Leave out the pictures, and print exactly the lines from the one holding "2022 Toyota RAV4 Hybrid XLE AWD photo" through the last line of the material.

**Data to use:**
▼
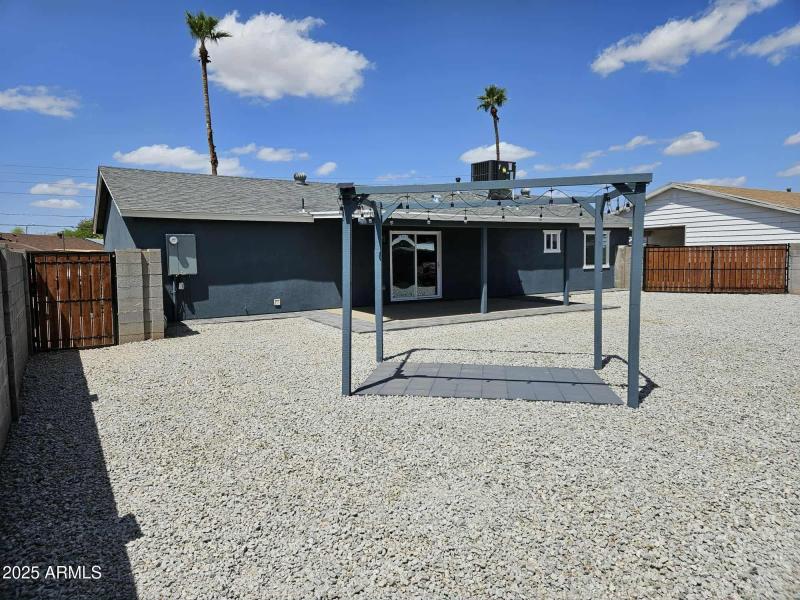 b2b7ba47-6f77-4cdb-a421-fe3ff444340f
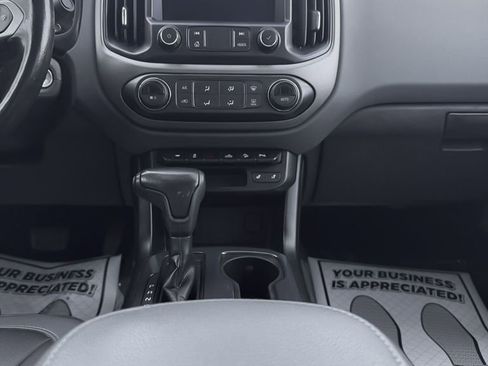 Used 2021 Chevrolet Colorado Z71 AWD/4WD image 19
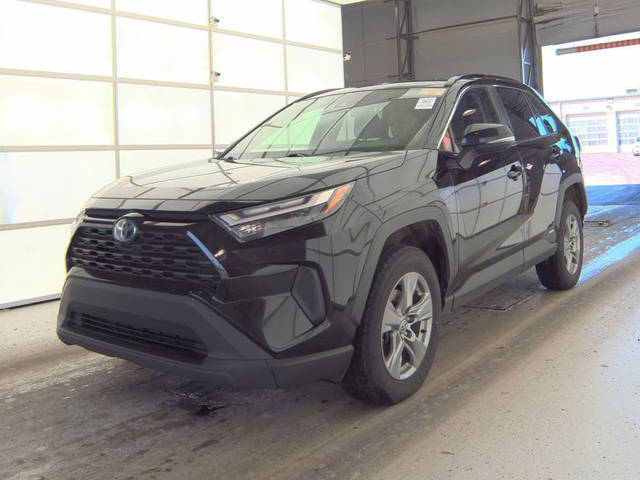 2022 Toyota RAV4 Hybrid XLE AWD photo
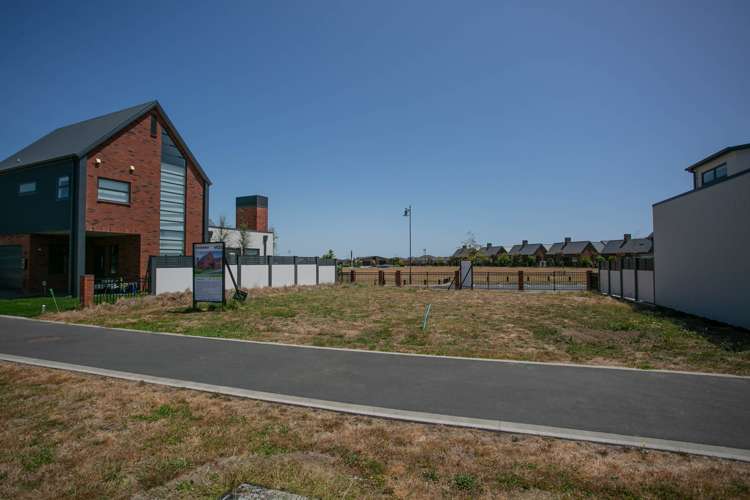 13 Garland Lane Leamington_2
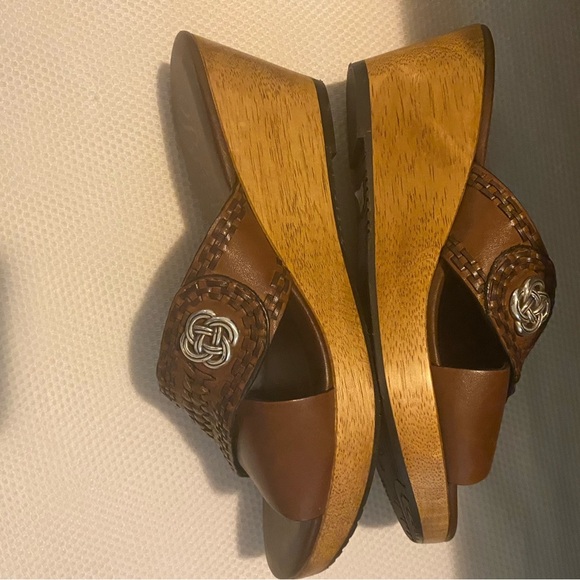 Brighton Brown Wedge Shoes with Elegant Design - Picture 3 of 7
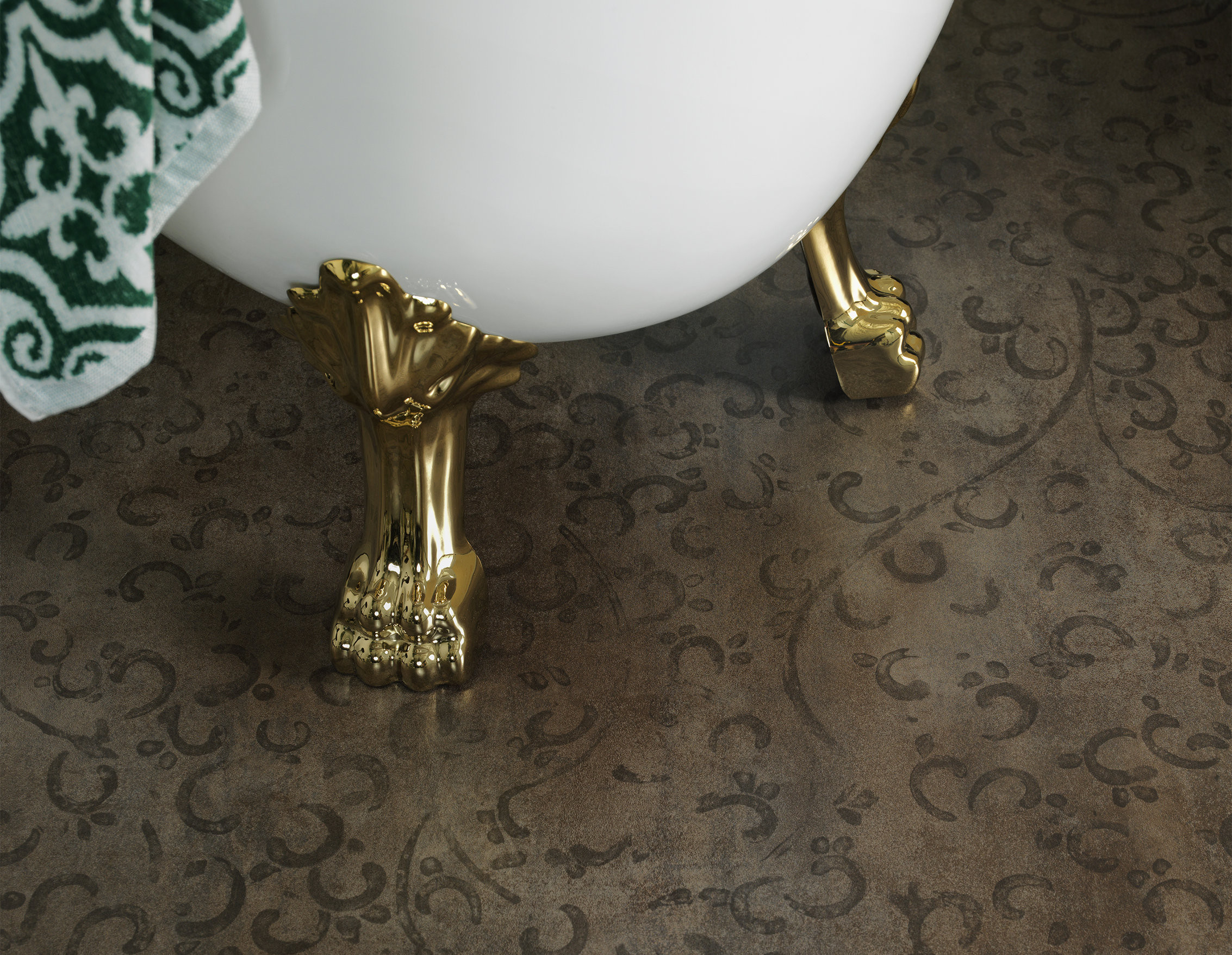 BRUNT OG VANNTETT: I den siste kolleksjonen vinylbelegg for våtrom fra Tarkett er det en mørk brun variant med organisk mønster.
▲
**Answer space:**
 2022 Toyota RAV4 Hybrid XLE AWD photo
 13 Garland Lane Leamington_2
 Brighton Brown Wedge Shoes with Elegant Design - Picture 3 of 7
 BRUNT OG VANNTETT: I den siste kolleksjonen vinylbelegg for våtrom fra Tarkett er det en mørk brun variant med organisk mønster.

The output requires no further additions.